I thought of a way annex.thin
can corrupt data. http://web.archive.org/web/20201210105827/https://git-annex.branchable.com/bugs/annex.thin_can_cause_corrupt___40__not_just_missing__41___data/ doesn't explain this (because it dismisses it as "just missing data") (and maybe it was written with v7 in mind??). Apparently git-annex is smart enough to know how to rename the internal .git/annex/objects file path when its content changes. But here's what can go wrong:
git add annexed-file
git commit -m "v1"
edit annexed-file
git add annexed-file
git commit -m "v2"
edit annexed-file
git add annexed-file
git commit -m "v3"
git annex sync --content
edit annexed-file
git add annexed-file
git commit -m "v4"
git checkout HEAD^2 # annexed-file is irrecoverable here
the trouble is that when v2 was made, it overwrote the v1 file in place, and then the v3 file overwrote the v2 file. Neither v1 nor v2 exist anymore; their hash exists, and was committed to the repo, but that's it. v3 is recoverable, but it will have to be redownloaded from whatever remotes got a copy of it.
I don't think this is a big deal for the way we use this stuff. Just something to watch out for.

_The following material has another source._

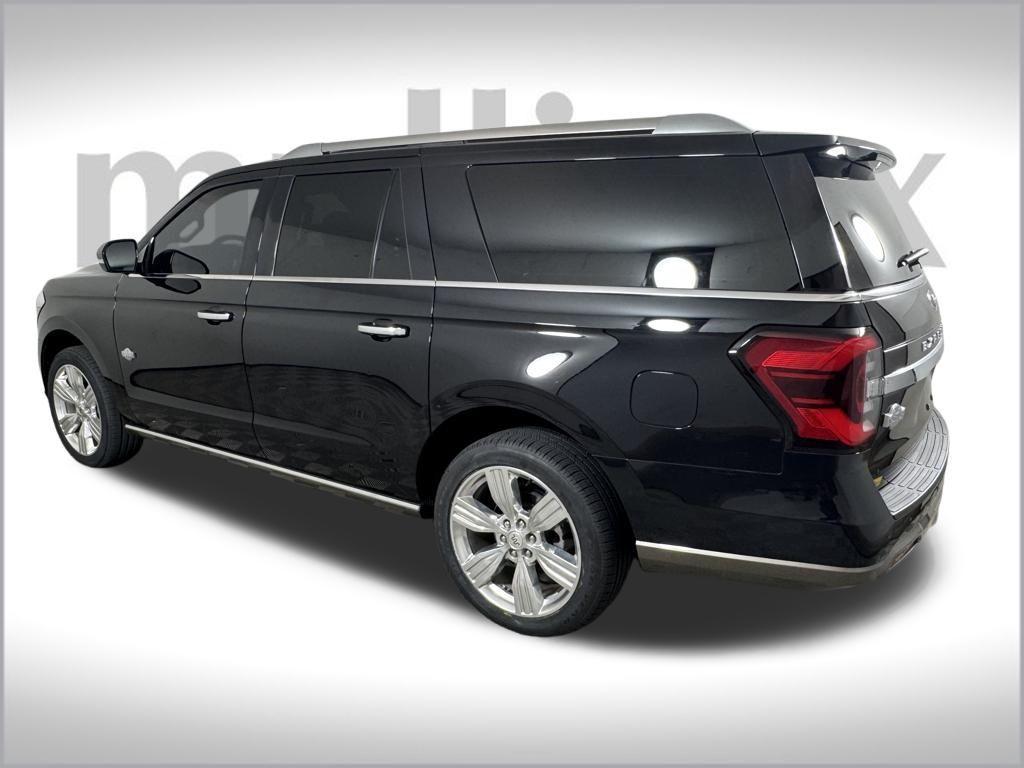 used 2022 Ford Expedition Max car, priced at $58,901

I think I understand these now, and my recommendation is:
git config --global annex.thin true
git config --global annex.hardlink false
I've added this to the docs.
In git-annex v8, the default config makes checked out files the full files, instead of symlinks like in v7 and earlier, git-lfs style. But if
.git/annex
also stores a copy of all the data then users are doubling their storage for nothing. (note: this does not double the storage on a server; servers only keep git 'bare' git repos, without a checked out copy)There are two options, 'annex.hardlink' and 'annex.thin' but I can't tell what they do. It sounds like they should avoid the duplication by, but if so why are there two of them? Are they mutually exclusive? What happens on Windows?
I found this thread where some of the people from datalad seem to be equally confused: https://git-annex.branchable.com/bugs/annex.hardlink_is_not___34__in_effect__34___in_thin_mode_/.
In git-annex v7 there was the "adjusted" branch which I think was meant to accomplish the same goal?